September 13 – October 23, 2022

Opening Reception: Friday, September 30, 5-7 PM

Works from Artist Mentorship Program 2022 graduates Mary-Helen Horne, Sallie Ketcham and Diane Machado.

Mary-Helen Horne

My art celebrates the rich and fragile diversity of natural Florida. The prints on view in Crosscurrents were made in 2021 – 2022, a time I’ve spent reflecting on the natural environment and my own impact upon it.

Artmaking enables me to see nature’s processes at work in an intimate, palpable way. I explore nature’s interconnectedness through a layered approach, combining multiple printmaking processes in each of my prints, including monotype, collagraph, pochoir, drypoint, etching and relief.

Lynn Peterfreund set me along this path as my mentor beginning in 2020. At the time, I was transitioning from corporate operations to full time artmaking. She set me up with advice on studio practice and layout, composition and design, and foundational process.

Lynn is an outstanding artist and shared generously her insights on what makes great art, as well as encouragement and like-minded friendship. Our meetings were stimulating and exploratory, and she provided comprehensive notes from each session. She assessed my developmental and technical opportunities and needs, while also prompting how to crystalize the focus of my efforts.
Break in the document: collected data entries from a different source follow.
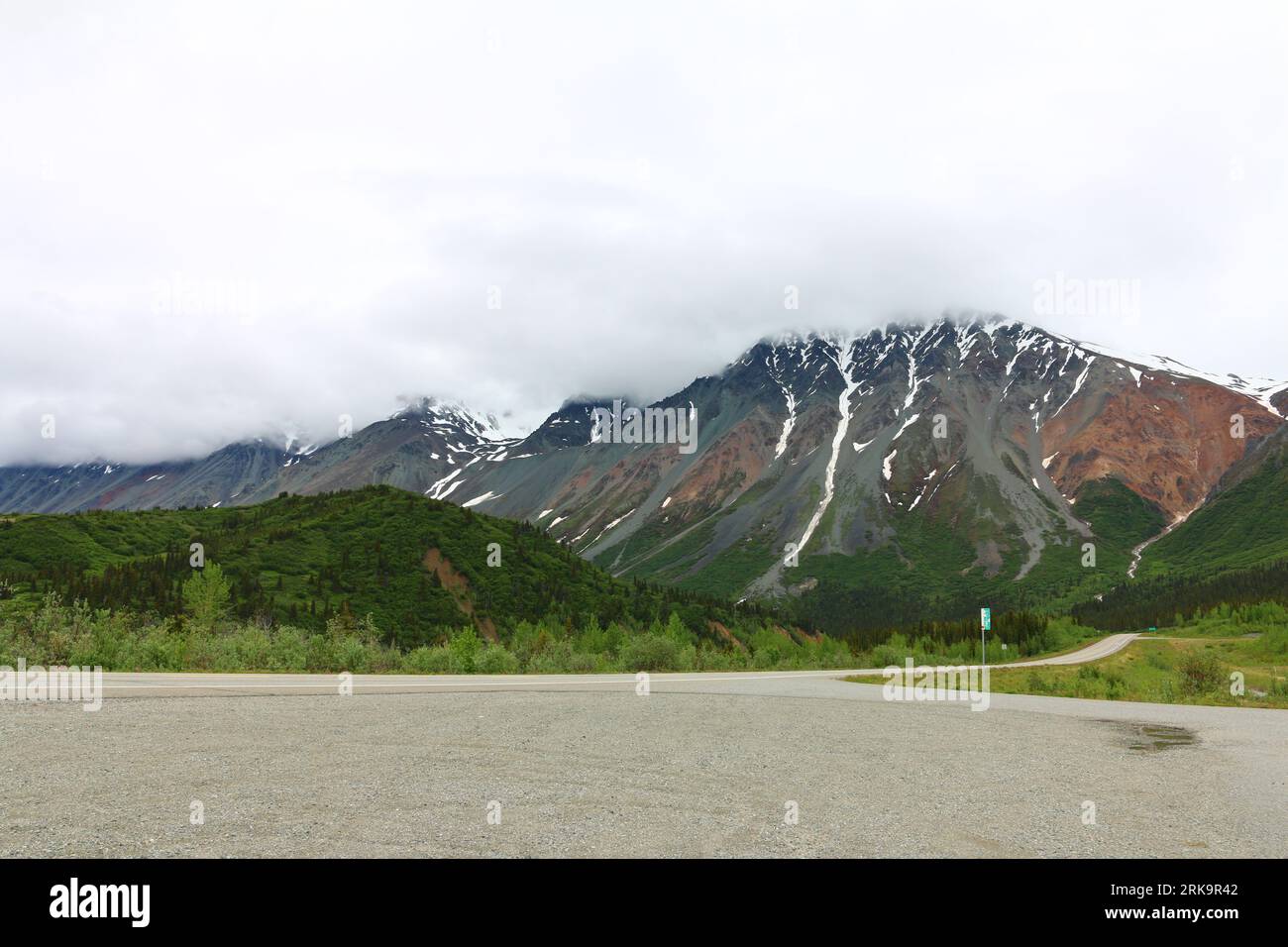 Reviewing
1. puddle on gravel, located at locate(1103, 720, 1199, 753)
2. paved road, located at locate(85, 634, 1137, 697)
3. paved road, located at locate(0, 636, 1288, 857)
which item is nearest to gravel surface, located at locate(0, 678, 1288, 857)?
paved road, located at locate(0, 636, 1288, 857)

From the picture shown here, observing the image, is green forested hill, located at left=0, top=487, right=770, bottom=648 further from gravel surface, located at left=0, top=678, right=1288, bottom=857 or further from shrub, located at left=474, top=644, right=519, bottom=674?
gravel surface, located at left=0, top=678, right=1288, bottom=857

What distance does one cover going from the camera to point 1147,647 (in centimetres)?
9975

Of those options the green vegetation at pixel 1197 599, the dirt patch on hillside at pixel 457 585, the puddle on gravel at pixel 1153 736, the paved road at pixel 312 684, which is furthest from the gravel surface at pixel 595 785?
the green vegetation at pixel 1197 599

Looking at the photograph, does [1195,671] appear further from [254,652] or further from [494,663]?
[254,652]

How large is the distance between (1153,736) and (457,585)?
111700 millimetres

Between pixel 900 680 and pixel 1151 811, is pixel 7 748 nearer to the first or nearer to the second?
pixel 1151 811

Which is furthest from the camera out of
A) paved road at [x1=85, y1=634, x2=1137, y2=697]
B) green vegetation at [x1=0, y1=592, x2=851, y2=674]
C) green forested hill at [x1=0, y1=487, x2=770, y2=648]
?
green forested hill at [x1=0, y1=487, x2=770, y2=648]

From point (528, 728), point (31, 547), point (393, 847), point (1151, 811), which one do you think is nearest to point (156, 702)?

Throughout this essential and extraordinary experience, Lynn was always accessible and highly responsive to ad hoc inquiries, directing me when appropriate to other Zea Mays faculty, additional education and great art. Overall, this experience has propelled me into a serious and rewarding art practice.


Instagram: /mhhorne2020


Sallie Ketcham

As, a child I spent time alone discovering the world around me. I grew up in Florida on a barrier island. I could easily walk from the inland water way to the beach. On hot days, I would head for the ocean. Swimming amongst the reef, beach combing for whatever detritus was washed ashore, and just sitting and watching the surface of the water being transformed by the wind and tide. I still love watching the sun play across the surface, sparkling like diamonds. When the weather was inclement, I headed for the empty lots that were filled with banyan trees with their magnificent sculptural roots. Each crevice concealed a treasure. I was fascinated
by the complex root system of a strangler fig that would climb down from the top of the tree, spreading tentacles to the earth. Possums, raccoon, and hundreds of insects lived in the self contained eco system. Like a terrestrial reef. I am now exploring the entangled relationship of woodlands and mycelium. Each work captures abstract patterns created by the intricate structures of fungus and lichen and layered with images of trees. My art expresses my love of nature, in all its beauty, poetry, and mystery.

Diane Machado

I make drawings and prints to narrate my experiences as a first-generation American born in the United States, New World—and into an immigrant family and community at large, Old World.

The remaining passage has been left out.